[Information supplied Boundary: Start]
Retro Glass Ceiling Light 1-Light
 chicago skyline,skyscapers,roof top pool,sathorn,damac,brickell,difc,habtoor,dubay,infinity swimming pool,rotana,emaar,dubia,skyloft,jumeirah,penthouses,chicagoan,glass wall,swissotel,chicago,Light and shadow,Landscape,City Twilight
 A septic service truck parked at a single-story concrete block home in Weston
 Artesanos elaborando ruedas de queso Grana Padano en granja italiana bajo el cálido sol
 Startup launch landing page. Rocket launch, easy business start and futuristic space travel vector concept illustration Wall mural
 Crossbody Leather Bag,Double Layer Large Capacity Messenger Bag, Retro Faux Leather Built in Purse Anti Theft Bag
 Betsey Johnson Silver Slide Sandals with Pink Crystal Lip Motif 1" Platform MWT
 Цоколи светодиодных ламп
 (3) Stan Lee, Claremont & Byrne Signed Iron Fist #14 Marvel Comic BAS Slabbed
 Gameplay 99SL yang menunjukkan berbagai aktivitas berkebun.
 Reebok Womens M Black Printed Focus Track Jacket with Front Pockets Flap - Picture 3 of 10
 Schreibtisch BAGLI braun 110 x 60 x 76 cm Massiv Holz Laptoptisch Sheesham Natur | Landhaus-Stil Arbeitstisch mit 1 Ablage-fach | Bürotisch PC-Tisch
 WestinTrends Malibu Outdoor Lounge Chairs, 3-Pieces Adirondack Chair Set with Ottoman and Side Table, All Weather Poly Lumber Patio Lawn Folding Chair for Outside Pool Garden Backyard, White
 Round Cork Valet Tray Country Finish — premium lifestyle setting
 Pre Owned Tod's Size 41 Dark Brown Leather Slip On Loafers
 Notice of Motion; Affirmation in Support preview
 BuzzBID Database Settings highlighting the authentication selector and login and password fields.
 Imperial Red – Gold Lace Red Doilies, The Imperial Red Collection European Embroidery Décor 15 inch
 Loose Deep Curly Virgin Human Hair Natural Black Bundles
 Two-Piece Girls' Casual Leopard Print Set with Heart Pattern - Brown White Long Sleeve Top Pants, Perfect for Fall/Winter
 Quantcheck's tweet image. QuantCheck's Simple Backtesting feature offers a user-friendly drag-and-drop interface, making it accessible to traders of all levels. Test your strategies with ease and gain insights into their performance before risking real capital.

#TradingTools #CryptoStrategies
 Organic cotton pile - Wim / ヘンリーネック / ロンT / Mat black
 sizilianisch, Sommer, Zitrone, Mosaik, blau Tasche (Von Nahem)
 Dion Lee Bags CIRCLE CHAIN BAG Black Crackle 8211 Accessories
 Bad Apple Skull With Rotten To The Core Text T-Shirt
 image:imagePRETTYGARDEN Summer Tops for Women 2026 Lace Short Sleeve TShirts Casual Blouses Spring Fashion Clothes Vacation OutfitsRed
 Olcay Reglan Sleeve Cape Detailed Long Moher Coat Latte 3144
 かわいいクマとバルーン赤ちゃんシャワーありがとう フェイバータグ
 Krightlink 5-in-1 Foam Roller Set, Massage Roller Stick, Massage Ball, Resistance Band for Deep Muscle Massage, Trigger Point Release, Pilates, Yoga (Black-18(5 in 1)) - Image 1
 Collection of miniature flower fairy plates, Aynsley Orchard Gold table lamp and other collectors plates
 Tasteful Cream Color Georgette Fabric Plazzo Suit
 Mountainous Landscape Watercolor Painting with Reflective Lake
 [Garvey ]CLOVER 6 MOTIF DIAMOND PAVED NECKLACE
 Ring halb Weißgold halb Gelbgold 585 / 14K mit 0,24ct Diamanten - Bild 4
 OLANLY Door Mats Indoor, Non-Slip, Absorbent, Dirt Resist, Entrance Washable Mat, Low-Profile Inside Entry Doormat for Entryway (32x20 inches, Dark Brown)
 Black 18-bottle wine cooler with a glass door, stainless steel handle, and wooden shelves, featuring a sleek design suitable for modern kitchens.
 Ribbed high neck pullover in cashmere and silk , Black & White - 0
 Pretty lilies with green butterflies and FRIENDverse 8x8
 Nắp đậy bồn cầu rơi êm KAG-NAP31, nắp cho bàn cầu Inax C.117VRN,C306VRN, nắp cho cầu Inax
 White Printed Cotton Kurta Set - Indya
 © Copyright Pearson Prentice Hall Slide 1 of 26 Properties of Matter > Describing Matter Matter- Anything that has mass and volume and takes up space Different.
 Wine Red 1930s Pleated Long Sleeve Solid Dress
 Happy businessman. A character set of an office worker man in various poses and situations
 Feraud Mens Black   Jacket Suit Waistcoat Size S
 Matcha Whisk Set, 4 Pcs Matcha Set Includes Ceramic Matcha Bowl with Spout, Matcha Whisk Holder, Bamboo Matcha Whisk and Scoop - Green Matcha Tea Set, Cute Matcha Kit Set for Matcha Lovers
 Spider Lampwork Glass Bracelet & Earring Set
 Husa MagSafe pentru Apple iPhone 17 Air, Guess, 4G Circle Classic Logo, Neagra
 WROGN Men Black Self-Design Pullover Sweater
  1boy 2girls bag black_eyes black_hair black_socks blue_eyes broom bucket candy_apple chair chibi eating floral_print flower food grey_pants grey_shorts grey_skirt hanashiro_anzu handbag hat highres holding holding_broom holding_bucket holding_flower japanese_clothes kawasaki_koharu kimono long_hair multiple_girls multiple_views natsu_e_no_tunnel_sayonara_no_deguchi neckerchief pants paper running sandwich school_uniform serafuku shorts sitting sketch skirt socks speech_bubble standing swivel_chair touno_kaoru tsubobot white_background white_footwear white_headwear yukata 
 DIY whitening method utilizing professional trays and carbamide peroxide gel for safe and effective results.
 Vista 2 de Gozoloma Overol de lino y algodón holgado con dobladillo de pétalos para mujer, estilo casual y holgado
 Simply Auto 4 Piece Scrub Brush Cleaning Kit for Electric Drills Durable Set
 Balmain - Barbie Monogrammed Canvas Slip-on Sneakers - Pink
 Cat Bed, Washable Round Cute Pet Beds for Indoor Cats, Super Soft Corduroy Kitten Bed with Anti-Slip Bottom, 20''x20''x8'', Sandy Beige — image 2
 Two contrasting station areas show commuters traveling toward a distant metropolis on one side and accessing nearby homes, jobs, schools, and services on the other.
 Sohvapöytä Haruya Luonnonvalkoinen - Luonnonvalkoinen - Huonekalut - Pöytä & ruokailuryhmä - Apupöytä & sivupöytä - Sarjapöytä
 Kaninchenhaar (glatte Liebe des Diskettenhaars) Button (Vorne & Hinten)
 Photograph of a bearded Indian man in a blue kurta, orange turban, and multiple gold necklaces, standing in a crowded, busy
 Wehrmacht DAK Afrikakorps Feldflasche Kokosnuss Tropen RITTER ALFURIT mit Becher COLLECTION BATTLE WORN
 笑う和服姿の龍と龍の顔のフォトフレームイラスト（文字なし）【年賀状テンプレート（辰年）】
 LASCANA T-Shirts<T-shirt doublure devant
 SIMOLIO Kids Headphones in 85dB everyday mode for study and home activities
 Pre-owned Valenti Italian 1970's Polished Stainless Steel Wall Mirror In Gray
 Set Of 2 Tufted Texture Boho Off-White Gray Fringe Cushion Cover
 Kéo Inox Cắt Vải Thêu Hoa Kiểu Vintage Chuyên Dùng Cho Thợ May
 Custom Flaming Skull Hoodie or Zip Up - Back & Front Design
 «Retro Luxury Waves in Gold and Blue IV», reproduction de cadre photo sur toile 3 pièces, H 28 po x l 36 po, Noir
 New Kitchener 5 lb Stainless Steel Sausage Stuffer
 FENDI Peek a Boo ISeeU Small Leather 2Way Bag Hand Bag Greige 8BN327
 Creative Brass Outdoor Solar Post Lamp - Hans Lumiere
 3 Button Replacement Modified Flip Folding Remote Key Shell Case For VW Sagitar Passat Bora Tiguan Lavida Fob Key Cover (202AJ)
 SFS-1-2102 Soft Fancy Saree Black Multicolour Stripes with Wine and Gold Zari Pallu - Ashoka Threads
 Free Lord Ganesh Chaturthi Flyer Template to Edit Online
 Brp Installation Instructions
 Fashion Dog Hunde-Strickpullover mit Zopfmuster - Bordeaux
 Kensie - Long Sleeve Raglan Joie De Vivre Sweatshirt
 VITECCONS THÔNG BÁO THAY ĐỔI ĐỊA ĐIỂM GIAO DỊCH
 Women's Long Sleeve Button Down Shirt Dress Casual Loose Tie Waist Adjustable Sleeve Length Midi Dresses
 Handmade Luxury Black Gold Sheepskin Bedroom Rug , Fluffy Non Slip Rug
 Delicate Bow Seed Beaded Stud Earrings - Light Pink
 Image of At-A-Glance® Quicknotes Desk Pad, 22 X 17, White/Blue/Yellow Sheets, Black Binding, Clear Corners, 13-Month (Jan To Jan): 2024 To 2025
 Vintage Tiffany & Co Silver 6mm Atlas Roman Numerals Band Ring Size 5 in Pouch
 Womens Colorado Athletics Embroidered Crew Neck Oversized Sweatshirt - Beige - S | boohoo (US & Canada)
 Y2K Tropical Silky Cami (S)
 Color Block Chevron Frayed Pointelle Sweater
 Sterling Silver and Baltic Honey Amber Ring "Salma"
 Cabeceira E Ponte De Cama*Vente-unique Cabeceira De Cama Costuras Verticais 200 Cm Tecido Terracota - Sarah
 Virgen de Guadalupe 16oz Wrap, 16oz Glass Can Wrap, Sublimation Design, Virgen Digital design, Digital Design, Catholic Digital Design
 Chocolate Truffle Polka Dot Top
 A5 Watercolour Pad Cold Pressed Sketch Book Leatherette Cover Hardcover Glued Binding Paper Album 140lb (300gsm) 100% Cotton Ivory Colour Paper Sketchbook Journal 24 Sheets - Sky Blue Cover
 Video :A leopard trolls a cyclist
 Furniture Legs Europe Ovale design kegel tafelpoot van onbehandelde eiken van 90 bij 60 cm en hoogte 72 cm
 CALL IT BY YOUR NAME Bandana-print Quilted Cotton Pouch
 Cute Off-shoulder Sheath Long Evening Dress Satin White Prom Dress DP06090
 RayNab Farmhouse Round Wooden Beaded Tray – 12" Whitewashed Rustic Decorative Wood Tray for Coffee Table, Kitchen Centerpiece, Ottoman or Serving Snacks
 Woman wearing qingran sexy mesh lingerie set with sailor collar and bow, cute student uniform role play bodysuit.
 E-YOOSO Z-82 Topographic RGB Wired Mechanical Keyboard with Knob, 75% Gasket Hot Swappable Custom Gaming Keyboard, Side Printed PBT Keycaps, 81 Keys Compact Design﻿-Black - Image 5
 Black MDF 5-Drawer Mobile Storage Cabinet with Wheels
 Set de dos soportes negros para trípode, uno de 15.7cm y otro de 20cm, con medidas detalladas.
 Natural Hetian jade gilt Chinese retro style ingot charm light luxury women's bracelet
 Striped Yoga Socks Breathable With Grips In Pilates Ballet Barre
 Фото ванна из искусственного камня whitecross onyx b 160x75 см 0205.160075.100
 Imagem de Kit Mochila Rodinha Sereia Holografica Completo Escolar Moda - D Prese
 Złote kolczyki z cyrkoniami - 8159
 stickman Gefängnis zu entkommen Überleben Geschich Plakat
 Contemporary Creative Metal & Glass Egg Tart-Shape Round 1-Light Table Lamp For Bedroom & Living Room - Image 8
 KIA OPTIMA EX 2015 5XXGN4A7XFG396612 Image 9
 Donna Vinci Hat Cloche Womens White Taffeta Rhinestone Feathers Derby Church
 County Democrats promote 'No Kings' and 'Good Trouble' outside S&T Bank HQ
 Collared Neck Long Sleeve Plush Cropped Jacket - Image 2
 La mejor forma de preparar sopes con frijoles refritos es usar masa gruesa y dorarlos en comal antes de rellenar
[Information supplied Boundary: End]
_Task_
Everything above from the line containing "Creative Brass Outdoor" down to the line containing "CALL IT BY YOUR" should be copied exactly, both end lines included, and nothing else.

_Response below_
 Creative Brass Outdoor Solar Post Lamp - Hans Lumiere
 3 Button Replacement Modified Flip Folding Remote Key Shell Case For VW Sagitar Passat Bora Tiguan Lavida Fob Key Cover (202AJ)
 SFS-1-2102 Soft Fancy Saree Black Multicolour Stripes with Wine and Gold Zari Pallu - Ashoka Threads
 Free Lord Ganesh Chaturthi Flyer Template to Edit Online
 Brp Installation Instructions
 Fashion Dog Hunde-Strickpullover mit Zopfmuster - Bordeaux
 Kensie - Long Sleeve Raglan Joie De Vivre Sweatshirt
 VITECCONS THÔNG BÁO THAY ĐỔI ĐỊA ĐIỂM GIAO DỊCH
 Women's Long Sleeve Button Down Shirt Dress Casual Loose Tie Waist Adjustable Sleeve Length Midi Dresses
 Handmade Luxury Black Gold Sheepskin Bedroom Rug , Fluffy Non Slip Rug
 Delicate Bow Seed Beaded Stud Earrings - Light Pink
 Image of At-A-Glance® Quicknotes Desk Pad, 22 X 17, White/Blue/Yellow Sheets, Black Binding, Clear Corners, 13-Month (Jan To Jan): 2024 To 2025
 Vintage Tiffany & Co Silver 6mm Atlas Roman Numerals Band Ring Size 5 in Pouch
 Womens Colorado Athletics Embroidered Crew Neck Oversized Sweatshirt - Beige - S | boohoo (US & Canada)
 Y2K Tropical Silky Cami (S)
 Color Block Chevron Frayed Pointelle Sweater
 Sterling Silver and Baltic Honey Amber Ring "Salma"
 Cabeceira E Ponte De Cama*Vente-unique Cabeceira De Cama Costuras Verticais 200 Cm Tecido Terracota - Sarah
 Virgen de Guadalupe 16oz Wrap, 16oz Glass Can Wrap, Sublimation Design, Virgen Digital design, Digital Design, Catholic Digital Design
 Chocolate Truffle Polka Dot Top
 A5 Watercolour Pad Cold Pressed Sketch Book Leatherette Cover Hardcover Glued Binding Paper Album 140lb (300gsm) 100% Cotton Ivory Colour Paper Sketchbook Journal 24 Sheets - Sky Blue Cover
 Video :A leopard trolls a cyclist
 Furniture Legs Europe Ovale design kegel tafelpoot van onbehandelde eiken van 90 bij 60 cm en hoogte 72 cm
 CALL IT BY YOUR NAME Bandana-print Quilted Cotton Pouch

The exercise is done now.